Alternatively, you can also retrieve the (composite) analyzers for a whole index. These analyzers behave differently for each field, delegating to the analyzer configured in the mapping for each field.
. Example 419. Retrieving the Lucene analyzers for a whole index
SearchMapping mapping = /* ... */ (1)
IndexManager indexManager = mapping.indexManager( "Book" ); (2)
LuceneIndexManager luceneIndexManager = indexManager.unwrap( LuceneIndexManager.class ); (3)
Analyzer indexingAnalyzer = luceneIndexManager.indexingAnalyzer(); (4)
Analyzer searchAnalyzer = luceneIndexManager.searchAnalyzer(); (5)
16.3.2. Retrieving the Lucene’s index size
可以从 LuceneIndexManager 检索 Lucene 索引的大小。
The size of a Lucene index can be retrieved from the LuceneIndexManager.
. Example 420. Retrieving the index size from a Lucene index manager
SearchMapping mapping = /* ... */ (1)
IndexManager indexManager = mapping.indexManager( "Book" ); (2)
LuceneIndexManager luceneIndexManager = indexManager.unwrap( LuceneIndexManager.class ); (3)
long size = luceneIndexManager.computeSizeInBytes(); (4)
luceneIndexManager.computeSizeInBytesAsync() (5)
.thenAccept( sizeInBytes -> {
// ...
} );
16.3.3. Retrieving a Lucene IndexReader
可以从 LuceneIndexScope 检索低级别 IndexReader。
The low-level IndexReader can be retrieved from the LuceneIndexScope.
. Example 421. Retrieving the index reader from a Lucene index scope
SearchMapping mapping = /* ... */ (1)
LuceneIndexScope indexScope = mapping
.scope( Book.class ).extension( LuceneExtension.get() ); (2)
try ( IndexReader indexReader = indexScope.openIndexReader() ) { (3)
// work with the low-level index reader:
numDocs = indexReader.numDocs();
}
即使启用了多租户,返回的读取器也会公开所有租户的文档。
Even if multi-tenancy is enabled, the returned reader exposes documents of all tenants.
16.4. Elasticsearch-specific explicit backend/index operations
16.4.1. Retrieving the REST client
使用具有高级要求的编写复杂应用程序时,有时可能需要直接向 Elasticsearch 集群发送请求,尤其是在 Hibernate Search 不支持这种开箱即用的请求时。
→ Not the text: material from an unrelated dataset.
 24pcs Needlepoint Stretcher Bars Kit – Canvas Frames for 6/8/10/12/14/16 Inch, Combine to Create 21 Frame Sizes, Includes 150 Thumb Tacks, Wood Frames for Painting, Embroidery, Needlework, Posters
When writing complex applications with advanced requirements, it may be necessary from time to time to send requests to the Elasticsearch cluster directly, in particular if Hibernate Search does not support this kind of requests out of the box.
为此,您可以检索 Elasticsearch 后端,然后访问 Hibernate Search 在内部使用的 Elasticsearch 客户端。请参见以下示例。
To that end, you can retrieve the Elasticsearch backend, then get access the Elasticsearch client used by Hibernate Search internally. See below for an example.
. Example 422. Accessing the low-level REST client
SearchMapping mapping = /* ... */ (1)
Backend backend = mapping.backend(); (2)
ElasticsearchBackend elasticsearchBackend = backend.unwrap( ElasticsearchBackend.class ); (3)
RestClient client = elasticsearchBackend.client( RestClient.class ); (4)
客户端本身不属于 Hibernate Search API,而是 official Elasticsearch REST client API 的一部分。
The client itself is not part of the Hibernate Search API, but of the official Elasticsearch REST client API.
Hibernate Search 可能在无事先通知的情况下切换到具有不同 Java 类型的其他客户端。如果发生这种情况,上面的代码片段将引发异常。
Hibernate Search may one day switch to another client with a different Java type, without prior notice. If that happens, the snippet of code above will throw an exception.